Can anyone tell me what this is called? Thanks.

2. Oct 13, 2009

### HallsofIvy

Staff Emeritus
Is $\lambda$ a number here? Then I can't imagine that "shortcut" being much good. It is only possible to find $\lambda$ such that $f"= \lambda f$ and $g"= \lambda g$ when both f and g are linear combinations of $e^{\lamba x}$ and $e^{-\lambda x}$.

Last edited: Oct 14, 2009
3. Oct 13, 2009

### PhantomOort

Yes, both $$\lambda$$ and $$\mu$$ are numbers. Obviously this only works in cases where they exist, such as for exponentials, trig functions, or x. But these make up a great many common integrals, so it's a pretty good shortcut.

4. Oct 14, 2009

### trambolin

It does not seem to be a shortcut but rather like a nice exam question that my professors used to ask. I really liked it. Let me write it again, becaues latex parser went crazy above...

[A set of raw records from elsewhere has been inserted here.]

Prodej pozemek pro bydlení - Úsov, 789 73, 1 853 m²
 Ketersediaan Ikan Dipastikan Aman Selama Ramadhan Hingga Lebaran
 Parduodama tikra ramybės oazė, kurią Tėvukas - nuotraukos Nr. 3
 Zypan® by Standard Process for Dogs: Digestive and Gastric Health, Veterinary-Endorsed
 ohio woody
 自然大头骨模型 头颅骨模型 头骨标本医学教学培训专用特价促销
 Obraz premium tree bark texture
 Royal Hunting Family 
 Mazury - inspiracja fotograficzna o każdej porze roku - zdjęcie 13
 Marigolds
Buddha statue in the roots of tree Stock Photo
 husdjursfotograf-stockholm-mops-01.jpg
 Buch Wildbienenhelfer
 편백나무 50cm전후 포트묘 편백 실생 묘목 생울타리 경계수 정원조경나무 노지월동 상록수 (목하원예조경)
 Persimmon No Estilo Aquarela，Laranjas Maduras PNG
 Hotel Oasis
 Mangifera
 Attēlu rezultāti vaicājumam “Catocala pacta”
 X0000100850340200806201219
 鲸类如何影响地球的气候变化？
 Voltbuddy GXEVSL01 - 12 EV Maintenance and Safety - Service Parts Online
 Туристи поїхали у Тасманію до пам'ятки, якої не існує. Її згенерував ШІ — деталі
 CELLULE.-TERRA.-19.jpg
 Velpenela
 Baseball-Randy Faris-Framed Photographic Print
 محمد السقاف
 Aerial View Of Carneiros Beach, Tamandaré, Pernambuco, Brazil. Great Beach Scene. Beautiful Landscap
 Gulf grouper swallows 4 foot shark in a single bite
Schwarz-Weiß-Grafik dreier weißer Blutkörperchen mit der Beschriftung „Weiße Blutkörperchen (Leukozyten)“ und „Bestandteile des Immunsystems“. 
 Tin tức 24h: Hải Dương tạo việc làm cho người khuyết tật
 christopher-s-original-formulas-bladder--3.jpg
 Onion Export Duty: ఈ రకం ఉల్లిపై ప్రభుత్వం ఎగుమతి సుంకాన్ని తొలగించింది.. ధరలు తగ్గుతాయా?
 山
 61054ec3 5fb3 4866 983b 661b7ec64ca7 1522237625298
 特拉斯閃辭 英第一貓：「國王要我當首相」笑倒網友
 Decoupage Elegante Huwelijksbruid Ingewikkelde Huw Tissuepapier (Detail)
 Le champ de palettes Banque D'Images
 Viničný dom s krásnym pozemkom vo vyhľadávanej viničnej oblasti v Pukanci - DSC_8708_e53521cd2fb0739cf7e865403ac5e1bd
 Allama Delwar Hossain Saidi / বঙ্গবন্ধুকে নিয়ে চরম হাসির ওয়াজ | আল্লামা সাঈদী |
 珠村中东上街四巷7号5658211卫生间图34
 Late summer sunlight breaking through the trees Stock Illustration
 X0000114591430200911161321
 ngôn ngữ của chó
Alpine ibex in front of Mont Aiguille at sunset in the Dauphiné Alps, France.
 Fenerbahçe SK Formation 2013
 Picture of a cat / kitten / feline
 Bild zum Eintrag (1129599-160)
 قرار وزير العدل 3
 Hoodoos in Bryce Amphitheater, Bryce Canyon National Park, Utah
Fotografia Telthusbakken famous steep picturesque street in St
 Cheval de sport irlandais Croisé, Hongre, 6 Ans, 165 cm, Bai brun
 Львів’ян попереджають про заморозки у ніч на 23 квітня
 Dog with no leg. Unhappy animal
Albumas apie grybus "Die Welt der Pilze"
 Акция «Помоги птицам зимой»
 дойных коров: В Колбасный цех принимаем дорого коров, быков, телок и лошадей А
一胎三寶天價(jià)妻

$$fg = (\lambda -\mu)\frac{fg}{\lambda -\mu} = \frac{f''g-fg''}{\lambda - \mu} = \frac{f''g-fg''+f'g' - f'g'}{\lambda - \mu} = \frac{(f'g)' -(fg')'}{\lambda - \mu}$$

Integration gives the result...

5. Oct 14, 2009

### HallsofIvy

Staff Emeritus
It would seem to me that integrals of the form $\int(Ae^{\lambda x}+ Be^{-\lamba x})(Ce^{\lambda x}+ De^{-\lambda x}) dx$$= \int (ACe^{2\lambda x}+ BDe^{-2\lambda x}+ (BC+ AD))dx$ could be done directly without worrying about integration by parts.

6. Oct 14, 2009

### PhantomOort

Damn, I could have done that! I need to stop being so lazy.

Thanks.

7. Oct 14, 2009

### PhantomOort

It's for integrals like $\int x sin(x) dx$, which are usually done by parts. Not that this is super hard, but with the shortcut, $$\lambda=0, \mu = -1$$, and the result is $$sin(x)-xcos(x)$$ and we're done.

PS, my apologies to any readers put off by the formatting. I'm utterly unfamiliar with this tex style and working through it as I go.